The main clue here is this:
The LS50 is not the easiest speaker to drive. Nominally an 8Ω speaker, the magnitude of its impedance dips to ~4Ω in the midrange. That, combined with relatively large phase means you need an amplifier with fairly large damping factor (low output impedance) to drive it well. The amplifier wattage is not really the issue ...
And this:
Give a walk through each graph in Amirs review of this outlaw monoblock amp and read his description and you can start to see why he posts each graph and how it tells you something individually important about the amp.

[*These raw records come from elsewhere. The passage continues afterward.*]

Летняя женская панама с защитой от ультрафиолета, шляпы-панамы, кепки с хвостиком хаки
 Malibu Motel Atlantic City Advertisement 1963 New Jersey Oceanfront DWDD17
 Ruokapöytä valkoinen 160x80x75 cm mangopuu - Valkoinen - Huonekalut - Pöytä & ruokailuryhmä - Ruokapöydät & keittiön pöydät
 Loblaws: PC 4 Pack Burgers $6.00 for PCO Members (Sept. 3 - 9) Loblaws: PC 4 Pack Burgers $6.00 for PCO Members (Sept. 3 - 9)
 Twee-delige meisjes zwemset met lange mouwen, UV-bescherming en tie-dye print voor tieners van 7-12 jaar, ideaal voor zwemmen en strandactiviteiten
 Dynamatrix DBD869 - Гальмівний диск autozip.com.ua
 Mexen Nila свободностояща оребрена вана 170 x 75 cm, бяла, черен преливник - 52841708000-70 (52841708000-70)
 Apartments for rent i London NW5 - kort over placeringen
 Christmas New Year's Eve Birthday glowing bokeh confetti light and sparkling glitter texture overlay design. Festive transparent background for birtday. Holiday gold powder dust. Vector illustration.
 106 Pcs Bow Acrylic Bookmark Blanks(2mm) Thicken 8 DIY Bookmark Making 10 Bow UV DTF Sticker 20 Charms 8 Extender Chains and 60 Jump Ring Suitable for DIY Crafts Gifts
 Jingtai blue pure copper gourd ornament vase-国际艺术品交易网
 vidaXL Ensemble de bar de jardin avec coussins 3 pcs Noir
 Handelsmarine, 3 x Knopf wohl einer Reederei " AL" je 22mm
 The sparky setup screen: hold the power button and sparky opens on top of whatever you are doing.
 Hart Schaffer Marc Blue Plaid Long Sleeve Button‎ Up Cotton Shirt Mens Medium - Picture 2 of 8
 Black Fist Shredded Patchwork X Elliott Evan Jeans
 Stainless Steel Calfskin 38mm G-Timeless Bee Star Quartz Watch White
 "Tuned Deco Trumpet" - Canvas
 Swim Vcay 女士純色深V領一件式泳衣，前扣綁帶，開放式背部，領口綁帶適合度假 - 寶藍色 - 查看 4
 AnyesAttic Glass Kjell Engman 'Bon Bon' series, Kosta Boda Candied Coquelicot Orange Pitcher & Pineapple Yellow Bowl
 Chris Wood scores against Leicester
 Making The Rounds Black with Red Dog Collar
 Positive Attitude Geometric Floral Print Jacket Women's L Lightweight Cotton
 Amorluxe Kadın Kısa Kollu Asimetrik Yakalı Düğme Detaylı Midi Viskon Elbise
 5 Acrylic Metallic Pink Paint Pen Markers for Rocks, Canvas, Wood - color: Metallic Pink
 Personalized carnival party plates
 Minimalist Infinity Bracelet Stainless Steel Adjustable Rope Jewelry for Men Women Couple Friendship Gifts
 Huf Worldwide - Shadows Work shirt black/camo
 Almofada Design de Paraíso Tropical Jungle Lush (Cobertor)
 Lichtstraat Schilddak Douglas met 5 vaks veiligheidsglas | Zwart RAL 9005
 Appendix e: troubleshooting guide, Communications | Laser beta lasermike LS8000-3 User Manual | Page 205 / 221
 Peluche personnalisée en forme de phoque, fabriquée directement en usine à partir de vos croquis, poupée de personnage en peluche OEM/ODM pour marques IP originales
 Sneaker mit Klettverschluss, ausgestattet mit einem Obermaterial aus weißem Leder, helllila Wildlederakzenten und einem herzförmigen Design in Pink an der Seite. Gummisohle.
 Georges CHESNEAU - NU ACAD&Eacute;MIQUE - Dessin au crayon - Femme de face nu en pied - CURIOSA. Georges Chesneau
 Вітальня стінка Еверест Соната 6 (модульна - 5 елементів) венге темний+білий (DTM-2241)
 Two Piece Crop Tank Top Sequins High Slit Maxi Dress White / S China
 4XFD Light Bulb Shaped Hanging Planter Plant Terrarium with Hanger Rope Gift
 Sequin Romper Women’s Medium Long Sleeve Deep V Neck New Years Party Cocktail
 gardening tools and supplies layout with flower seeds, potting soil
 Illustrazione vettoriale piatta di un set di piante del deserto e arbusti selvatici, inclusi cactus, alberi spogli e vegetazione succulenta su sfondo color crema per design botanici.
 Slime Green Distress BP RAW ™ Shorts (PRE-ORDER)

[edit:] I just came across this...
https://www.audiosciencereview.com/...ereophile-has-started-calculating-epdr.15497/
Worth a quick skim-read at least. Good explanation:
EPDR (Equivalent Peak Dissipation Resistance) takes the impedance and phase data and computes a new impedance that shows what equivalent load the amplifier will see. This takes the guesswork out of knowing how an amplifier will handle a given speaker if we have measurements of that amp into low impedance.

The example given here is not KEF LS50 but.....you get the picture...
For example, in the BRX link above, here is the raw impedance & phase:
[...graph...]
The raw impedance never goes past 3ohm. However, at 135Hz where the impedance is ~5ohm and the phase around -45°, the EPDR is 1.53ohm, over 3x lower.